I have two primary reasons for this:
1. Having the function choose the right algorithm puts an undue burden
on the function writer, which translates into increased uncertainty for
the user of the function, "If I call find(assumeSorted(r)), is it going
to use binary search? What if I call SomeThirdParty.find? Will it know
about assumeSorted?"
2. While we're only discussing assumeSorted now, there are a myriad of
other assumeX wrappers that would be useful:
assumeUnimodal(range) - Allows ternary search for maxElement.
assumeDistinct(range) - uniq doesn't need to do anything.
assumePrime(int) - e.g. getFactors(assumePrime(x)) returns [1, x]
assumeAssociative(binOp) - power can work in O(lg(n)).
* power!(binOp)(a, b) := reduce!(binOp)(replicate(a, b))
Do we provide wrappers for these as well, and make the algorithms check
for all relevant ones?
---
I say no. Provide ternarySearch, powerAssociative etc., and let the user
choose them when he/she knows they are the right algorithm. That way,
function writers can focus on writing specialized functions, and
function users can rest assured that the function they are calling is
performing the algorithm that they expect (with the complexity bounds
that they expect).
I am quoting this in full because I agree with it in full! I think this
and opIn_r settle the matter in favor of making the additional goodies
members of Sorted!Range.
A few additional thoughts:
- Experience with the STL has shown that "specialized functions for
improved complexity with specialized syntax" (a la find as a member vs
nonmember) fare better than "best-effort functions" (a la STL's distance).

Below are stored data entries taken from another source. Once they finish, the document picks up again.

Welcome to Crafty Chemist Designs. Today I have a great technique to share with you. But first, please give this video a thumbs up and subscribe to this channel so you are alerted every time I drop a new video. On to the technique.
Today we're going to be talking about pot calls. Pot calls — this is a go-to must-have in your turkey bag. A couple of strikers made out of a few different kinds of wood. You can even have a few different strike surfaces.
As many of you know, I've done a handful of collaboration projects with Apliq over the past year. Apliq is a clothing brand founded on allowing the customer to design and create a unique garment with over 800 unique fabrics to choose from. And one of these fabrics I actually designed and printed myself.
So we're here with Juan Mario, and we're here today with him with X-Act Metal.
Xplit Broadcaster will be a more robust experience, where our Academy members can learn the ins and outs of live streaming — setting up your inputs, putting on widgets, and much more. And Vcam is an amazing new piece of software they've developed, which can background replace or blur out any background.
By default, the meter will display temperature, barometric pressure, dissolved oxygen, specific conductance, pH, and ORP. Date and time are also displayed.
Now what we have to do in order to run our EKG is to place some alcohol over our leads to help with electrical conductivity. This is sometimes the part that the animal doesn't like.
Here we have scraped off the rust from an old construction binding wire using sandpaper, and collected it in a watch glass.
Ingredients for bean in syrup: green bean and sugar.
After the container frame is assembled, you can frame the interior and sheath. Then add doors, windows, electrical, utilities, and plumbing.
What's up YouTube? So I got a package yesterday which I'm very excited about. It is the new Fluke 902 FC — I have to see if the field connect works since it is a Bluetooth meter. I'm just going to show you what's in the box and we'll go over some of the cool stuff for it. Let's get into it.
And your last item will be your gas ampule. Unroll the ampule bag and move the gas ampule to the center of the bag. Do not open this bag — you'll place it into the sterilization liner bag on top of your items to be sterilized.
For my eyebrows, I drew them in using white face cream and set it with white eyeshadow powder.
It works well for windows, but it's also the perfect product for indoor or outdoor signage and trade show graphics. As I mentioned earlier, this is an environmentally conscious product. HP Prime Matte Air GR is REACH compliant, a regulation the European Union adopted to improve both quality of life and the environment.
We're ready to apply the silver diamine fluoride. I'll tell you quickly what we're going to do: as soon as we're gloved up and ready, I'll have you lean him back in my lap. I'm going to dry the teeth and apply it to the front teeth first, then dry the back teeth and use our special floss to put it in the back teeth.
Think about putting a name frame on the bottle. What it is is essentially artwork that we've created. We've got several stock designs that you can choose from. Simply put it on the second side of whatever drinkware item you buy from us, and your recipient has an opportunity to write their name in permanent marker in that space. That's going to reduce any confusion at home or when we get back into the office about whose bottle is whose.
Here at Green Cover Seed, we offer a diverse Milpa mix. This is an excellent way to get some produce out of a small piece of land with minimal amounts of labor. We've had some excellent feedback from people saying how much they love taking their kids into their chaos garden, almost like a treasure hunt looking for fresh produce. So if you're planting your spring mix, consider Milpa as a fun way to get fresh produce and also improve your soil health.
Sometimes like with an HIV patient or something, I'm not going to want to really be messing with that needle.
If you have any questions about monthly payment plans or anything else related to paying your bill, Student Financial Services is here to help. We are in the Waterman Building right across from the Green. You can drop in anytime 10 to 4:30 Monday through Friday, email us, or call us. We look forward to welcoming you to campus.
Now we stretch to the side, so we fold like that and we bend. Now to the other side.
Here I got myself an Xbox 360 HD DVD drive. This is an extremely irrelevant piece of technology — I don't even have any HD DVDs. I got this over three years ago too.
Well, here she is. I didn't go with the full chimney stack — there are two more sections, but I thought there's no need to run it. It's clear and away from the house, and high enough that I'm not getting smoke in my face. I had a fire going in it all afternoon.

- I'm considering allowing assignment to .front, .back, [k] etc. with
runtime enforcement that the assignment doesn't break the ordering.
There is a lure to have them actually shuffle the assigned element in
the right place, but that would break many assumptions. Many algorithms
assume that after r.front = x they can assert(r.front == x).
- All binary search operators (lowerBound, upperBound, equalRange)
should be made members of Sorted!Range. So instead of writing:
// We know r is sorted, baby
auto r1 = upperBound(r, x);
you'd write:
auto r1 = assumeSorted(r).upperBound(x);
thus essentially moving the comment into the code. (I also have a cool
idea for statistically checking sortedness without deteriorating
complexity. Essentially assumeSorted(r) could check that r is sorted by
tossing a rigged coin with P(head)=1.0/r.length and deciding to check if
head comes up. That way, the amortized complexity of the check is O(1)).
This all raises the question: where should this Sorted(R) in the making
go? It's a range so it should go in std.range, but it's mostly a
motivator for algorithms, so it should go in std.algorithm. Tiebreakers?
I'm very excited about this development. Maybe I should include some of
this stuff in my Google talk on Friday.
Andrei